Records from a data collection

--- --- ---

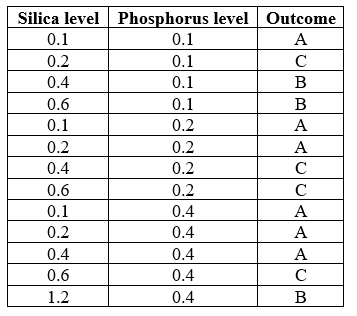 <strong>Refer to the table. Similar to Tilman's studies of coexistence using diatoms, a research team is now examining competitive outcomes between two species of bacteria, A and B, which vary in how they use silica and phosphorus. The team manipulated both silica and phosphorus and examined whether bacteria A or bacteria B won the competition, or whether there was co-existence between the two species (denoted as outcome C). The results are shown in the table. From these results, the team concludes that</strong> A) A only outcompeted B at high phosphorus levels. B) A always outcompeted B when silica and phosphorus levels were equal. C) A always outcompeted B at low silica levels. D) A always outcompeted B at low phosphorus levels.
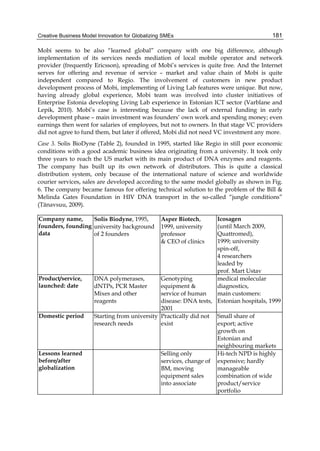 Creative Business Model Innovation for Globalizing SMEs 181
Mobi seems to be also “learned global” company with one big difference, although
implementation of its services needs mediation of local mobile operator and network
provider (frequently Ericsson), spreading of Mobi’s services is quite free. And the Internet
serves for offering and revenue of service – market and value chain of Mobi is quite
independent compared to Regio. The involvement of customers in new product
development process of Mobi, implementing of Living Lab features were unique. But now,
having already global experience, Mobi team was involved into cluster initiatives of
Enterprise Estonia developing Living Lab experience in Estonian ICT sector (Varblane and
Lepik, 2010). Mobi’s case is interesting because the lack of external funding in early
development phase – main investment was founders’ own work and spending money; even
earnings then went for salaries of employees, but not to owners. In that stage VC providers
did not agree to fund them, but later if offered, Mobi did not need VC investment any more.
Case 3. Solis BioDyne (Table 2), founded in 1995, started like Regio in still poor economic
conditions with a good academic business idea originating from a university. It took only
three years to reach the US market with its main product of DNA enzymes and reagents.
The company has built up its own network of distributors. This is quite a classical
distribution system, only because of the international nature of science and worldwide
courier services, sales are developed according to the same model globally as shown in Fig.
6. The company became famous for offering technical solution to the problem of the Bill &
Melinda Gates Foundation in HIV DNA transport in the so-called “jungle conditions”
(Tänavsuu, 2009).
Company name,
founders, founding
data
Solis Biodyne, 1995,
university background
of 2 founders
Asper Biotech,
1999, university
professor
& CEO of clinics
Icosagen
(until March 2009,
Quattromed),
1999; university
spin-off,
4 researchers
leaded by
prof. Mart Ustav
Product/service,
launched: date
DNA polymerases,
dNTPs, PCR Master
Mixes and other
reagents
Genotyping
equipment &
service of human
disease: DNA tests,
2001
medical molecular
diagnostics,
main customers:
Estonian hospitals, 1999
Domestic period Starting from university
research needs
Practically did not
exist
Small share of
export; active
growth on
Estonian and
neighbouring markets
Lessons learned
before/after
globalization
Selling only
services, change of
BM, moving
equipment sales
into associate
Hi-tech NPD is highly
expensive; hardly
manageable
combination of wide
product/service
portfolio
 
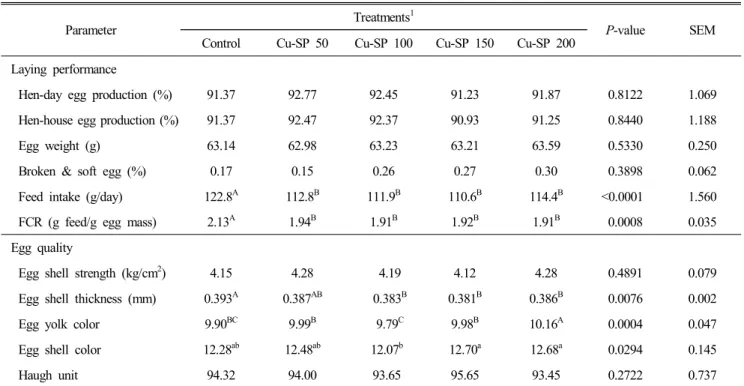 Table  2.  Effects  of  supplementary  copper-soy  proteinate(Cu-SP)  on  the  performance  and  egg  quality  of  laying  hens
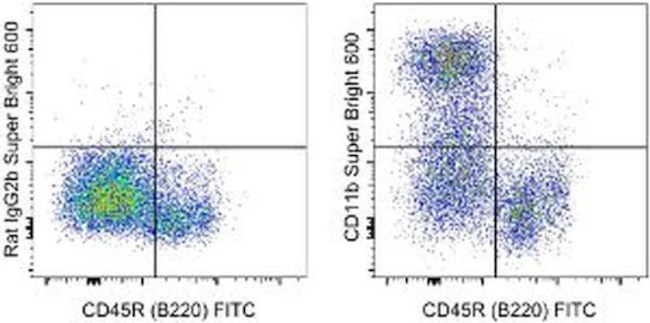CD11b Monoclonal Antibody (M1/70), Super Bright 600, eBioscience
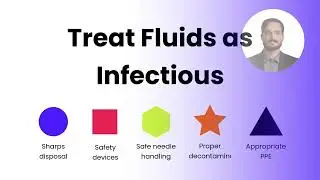 OSHA Bloodborne Pathogens Exposure Control Plan with eAuditor Audits & Inspections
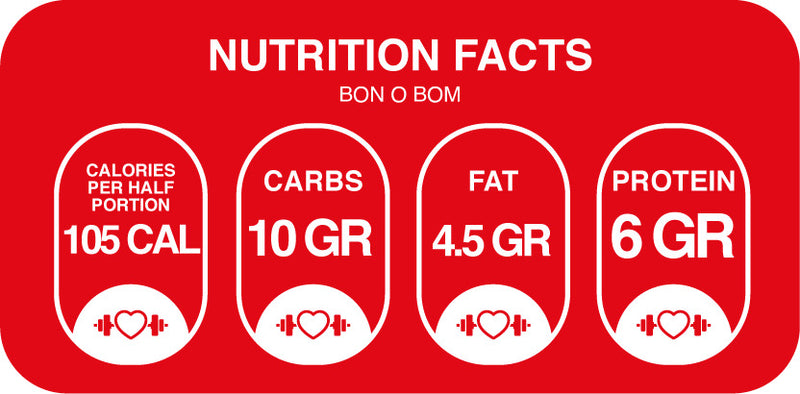 Nutritional Information for Protein New York Cookies – Sugar-free – 2, 4, or 6 Pack - Flavor 1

--- --- ---

■ **What is needed**:
Starting with the line above that holds "development phase –" and stopping with the line that holds "did not agree", reproduce each line exactly, omitting all other lines.

■ **Answer space**:
development phase – main investment was founders’ own work and spending money; even
earnings then went for salaries of employees, but not to owners. In that stage VC providers
did not agree to fund them, but later if offered, Mobi did not need VC investment any more.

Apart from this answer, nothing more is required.